What you should do ▸
Transcribe verbatim the span of lines that opens with the line containing "The Douglas 4-Ply Cashmere V-Neck Sweater" and closes with the last line of the data below.

-------------------------

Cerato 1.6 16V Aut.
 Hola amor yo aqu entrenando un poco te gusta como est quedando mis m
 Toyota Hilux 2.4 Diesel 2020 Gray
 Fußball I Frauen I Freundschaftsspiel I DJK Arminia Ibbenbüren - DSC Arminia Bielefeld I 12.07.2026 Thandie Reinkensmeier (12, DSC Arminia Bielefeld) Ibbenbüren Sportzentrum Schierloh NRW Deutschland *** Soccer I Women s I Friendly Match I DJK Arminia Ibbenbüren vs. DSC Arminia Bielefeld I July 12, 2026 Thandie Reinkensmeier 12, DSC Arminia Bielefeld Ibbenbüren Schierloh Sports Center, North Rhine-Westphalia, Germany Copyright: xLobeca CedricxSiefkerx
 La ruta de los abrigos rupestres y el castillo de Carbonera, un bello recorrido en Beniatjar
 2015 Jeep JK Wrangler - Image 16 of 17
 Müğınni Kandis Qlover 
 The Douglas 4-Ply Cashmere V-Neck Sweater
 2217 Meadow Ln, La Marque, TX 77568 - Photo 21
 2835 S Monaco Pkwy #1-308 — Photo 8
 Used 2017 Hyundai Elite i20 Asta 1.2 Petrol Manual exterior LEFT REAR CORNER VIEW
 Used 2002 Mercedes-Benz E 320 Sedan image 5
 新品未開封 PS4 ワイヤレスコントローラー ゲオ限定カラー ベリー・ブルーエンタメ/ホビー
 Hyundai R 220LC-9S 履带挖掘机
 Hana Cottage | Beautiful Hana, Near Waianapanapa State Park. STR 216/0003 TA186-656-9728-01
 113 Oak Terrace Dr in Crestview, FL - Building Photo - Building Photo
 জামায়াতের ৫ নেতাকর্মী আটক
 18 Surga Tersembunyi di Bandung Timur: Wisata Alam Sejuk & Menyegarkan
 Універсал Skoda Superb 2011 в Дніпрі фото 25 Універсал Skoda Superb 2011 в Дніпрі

-------------------------

Written solution ▸
 The Douglas 4-Ply Cashmere V-Neck Sweater
 2217 Meadow Ln, La Marque, TX 77568 - Photo 21
 2835 S Monaco Pkwy #1-308 — Photo 8
 Used 2017 Hyundai Elite i20 Asta 1.2 Petrol Manual exterior LEFT REAR CORNER VIEW
 Used 2002 Mercedes-Benz E 320 Sedan image 5
 新品未開封 PS4 ワイヤレスコントローラー ゲオ限定カラー ベリー・ブルーエンタメ/ホビー
 Hyundai R 220LC-9S 履带挖掘机
 Hana Cottage | Beautiful Hana, Near Waianapanapa State Park. STR 216/0003 TA186-656-9728-01
 113 Oak Terrace Dr in Crestview, FL - Building Photo - Building Photo
 জামায়াতের ৫ নেতাকর্মী আটক
 18 Surga Tersembunyi di Bandung Timur: Wisata Alam Sejuk & Menyegarkan
 Універсал Skoda Superb 2011 в Дніпрі фото 25 Універсал Skoda Superb 2011 в Дніпрі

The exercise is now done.